Mathematically, it has been shown that if AI systems were rewarded or encouraged to admit uncertainty, they would naturally guess less and hallucinate less. But right now, saying “I don’t know” gets the model a zero. And giving a completely wrong answer? Also zero.

So what’s the best strategy for the AI? Always guess.

Imagine you’re asked three questions. If you say “I don’t know,” you get zero. If you give a wrong answer, same result: zero. But if you guess and get it right, you score points. Naturally, you’ll be tempted to guess every time.

This is exactly what AI models do. Rather than admit uncertainty, they make a confident guess, hoping it turns out to be right.

The researchers proved mathematically that in these types of scoring systems, the expected score for guessing is always higher than the score for not answering, no matter how low the chances of being right.

The Solution That Could Break Everything

OpenAI has proposed a potential solution: before responding, the AI should evaluate its own confidence level, and scoring or evaluation systems should reward or penalize it accordingly.

For example, the AI could be told:
“Only answer if you're at least 75% confident. Because giving a wrong answer will cost you 3 points, but a correct one will earn you just 1 point.”

Mathematically, this system encourages the AI to express uncertainty instead of guessing, which would significantly reduce hallucination.

But here’s the catch: this could drastically affect user experience.

Imagine asking ChatGPT ten questions and it replies to three of them with, “I don’t know.”
Would you still want to use it?

For users who are accustomed to getting confident answers to anything they ask, this kind of system might feel frustrating. Many might quickly stop using such a chatbot, thinking:
“Why ask ChatGPT when I can just Google it?”

The Real Obstacle: Economics

While user dissatisfaction with “I don’t know” responses could potentially be managed, a much bigger challenge lies in the economics not human economics, but computational economics.

Creating an AI that is honest and self-aware one that knows what it doesn’t know and admits it would require vastly more computing power and time compared to current systems. And if such a system were to answer millions of questions per day, the cost would run into billions of dollars.
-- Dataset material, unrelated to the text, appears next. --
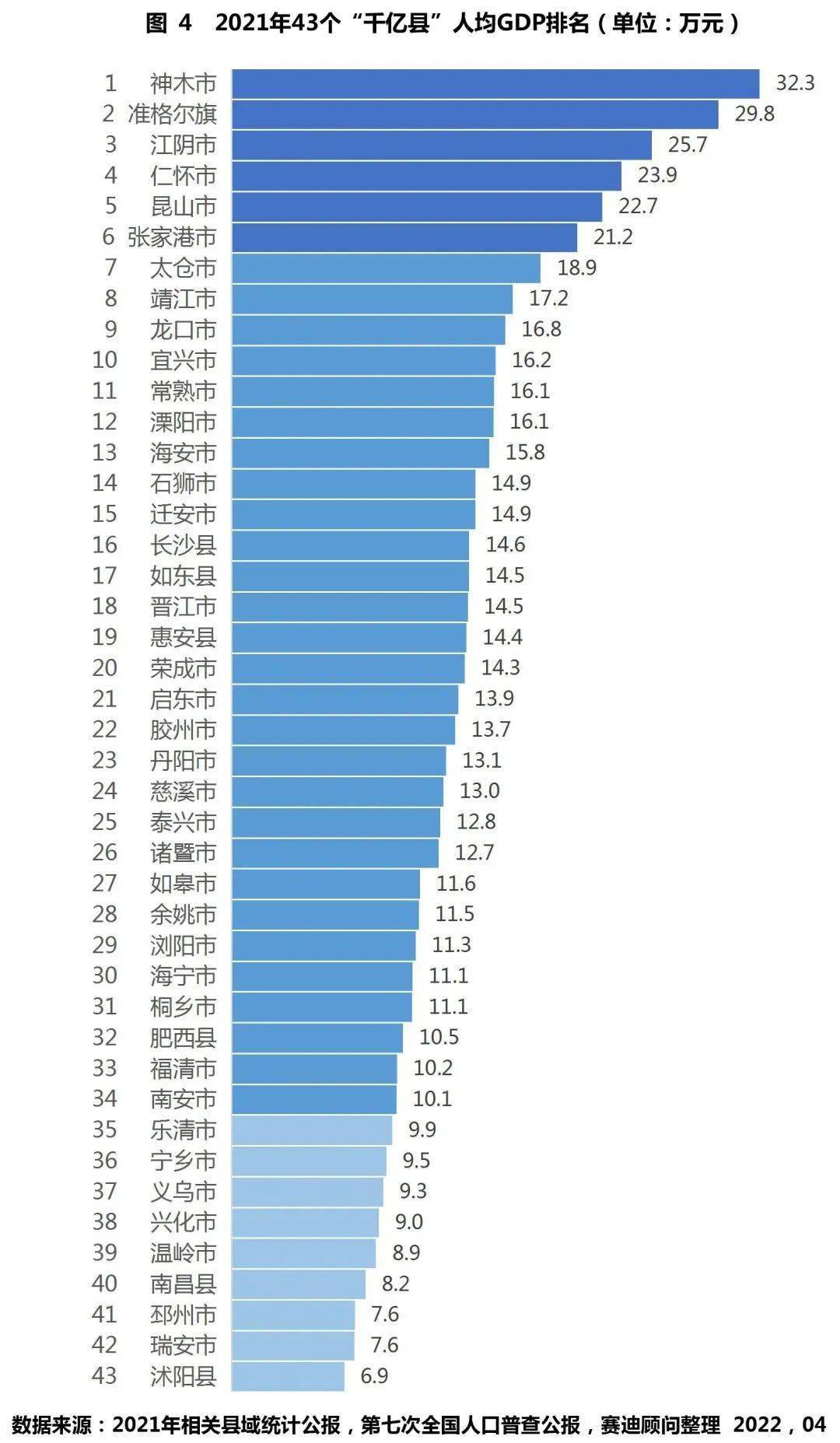 新榜单的最大变化是,陕西神木"煤飞色舞"力压"世界第一大市场"义乌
If the AI replies “I don’t know” whenever it's unsure, and you don’t get the answer you were looking for, you might start to wonder: what’s the point of spending so much money on it?

This kind of sophisticated system may be justifiable in specialized fields like chip design or medical diagnosis, where a single wrong answer could cost millions of dollars. In such cases, the extra cost is worth it.
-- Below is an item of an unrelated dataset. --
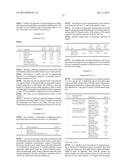 COMPOSITIONS OF PHARMACEUTICAL ACTIVES CONTAINING DIETHYLENE GLYCOL     MONOETHYL ETHER OR OTHER ALKYL DERIVATIVES diagram and image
But for general users especially those who want instant answers at low or no cost this economic model simply doesn't work.

In reality, it’s practically impossible to build such an AI for the general public. Today’s AI tools already cost between $2,500 to $25,000 per month for enterprise use. According to the research paper, a more advanced, cautious chatbot might cost around 70,000–80,000 BDT ($600–$700) per month, though the exact amount wasn’t specified.

Would the average person be willing to pay that much per month just to use a chatbot?

And what would they get in return? A chatbot that, instead of confidently answering, frequently says:
“I don’t know.”
If you keep getting no answers despite paying a premium, you’d likely give up on using it or go back to older, cheaper versions. In either case, the AI company loses.

And that’s why stopping chatbots from "making things up" may be nearly impossible.